The global concerns about the chip shortage were underscored at recent quarterly earnings calls held by companies from Taiwan Semiconductor Manufacturing Co. to South Korea’s SK Hynix.
“We are under great pressure now,” said Zhao Haijun, co-CEO of China’s top chipmaker Semiconductor Manufacturing International Corp., which last week announced plans to expand capacity by 45,000 wafers per month at its fabrication plant for 8-inch chips this year.
However, the company cautioned that the capacity boost would not occur quickly due to longer lead times for equipment procurement, as it grapples with supply chain disruptions caused by sanctions imposed by the former Trump administration.
“We basically have at least one video conference a day with a customer on how we can increase capacity, what adjustments we can make on products,” Zhao said.

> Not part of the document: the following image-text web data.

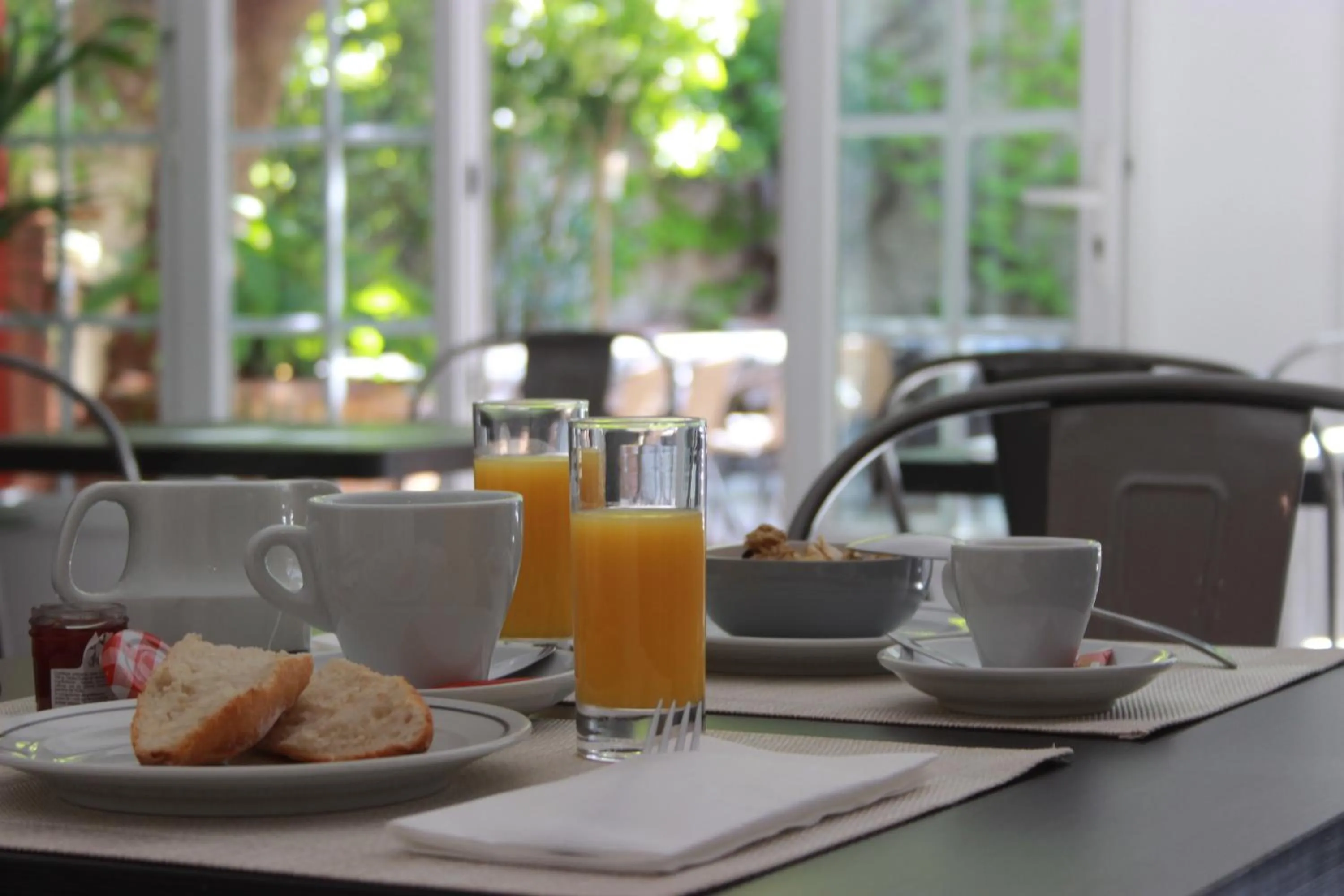 Breakfast in Hotel Saint Louis - Au Coeur des Remparts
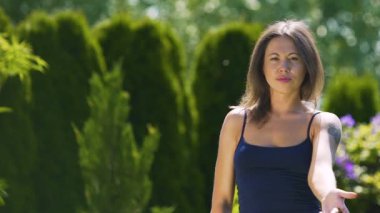 Kadın ulaşır el sunmaktadır yardım, katılmak sorar yerleştirmek için reklam metni, topluluk kulübü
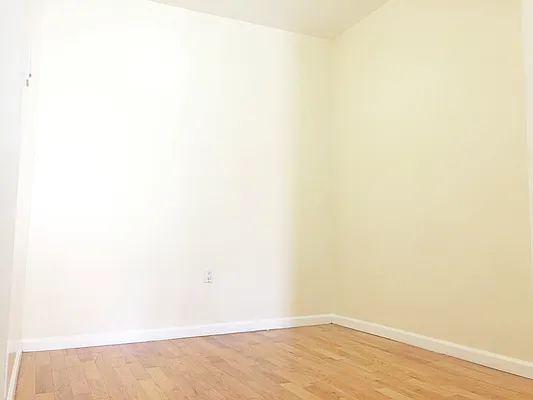 Rented by Bedford Realty USA Corp | media 12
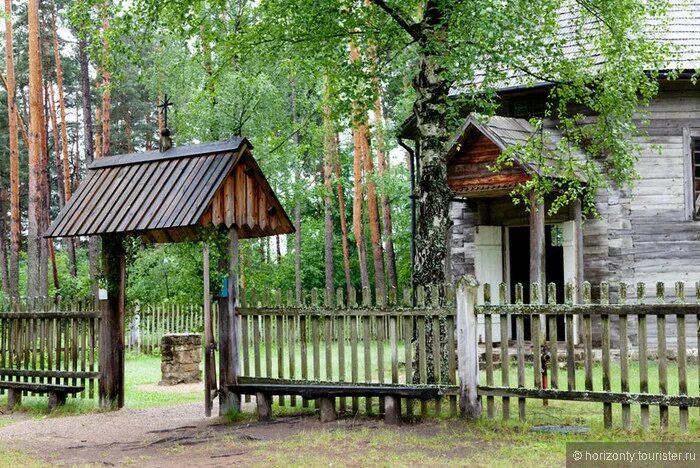 Музей оккупации в вильнюсе. Открытки с лиго латвия. Июне латвия. Кулдига латвия. Чертов камень хиттолово.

TSMC, the world’s top contract chipmaker, said it was “expediting” auto-related products through its wafer fabs and reallocating wafer capacity. It now expects to lift capital spending on the production and development of advanced chips to between $25-28 billion this year, as much as 60% higher than the amount it spent in 2020.
United Microelectronics Corp., another Taiwanese chipmaker, plans to spend $1.5 billion on new equipment this year, up 50 percent from $1 billion last year, it said.
South Korea’s SK Hynix, the world’s No. 2 memory chipmaker, said it was speeding up plans to relocate its 8-inch facilities to China, which is expected to reduce costs, in light of the boom in 8-inch chips. The company wants the relocation to happen “as soon as possible” rather than over an initially planned two-year period.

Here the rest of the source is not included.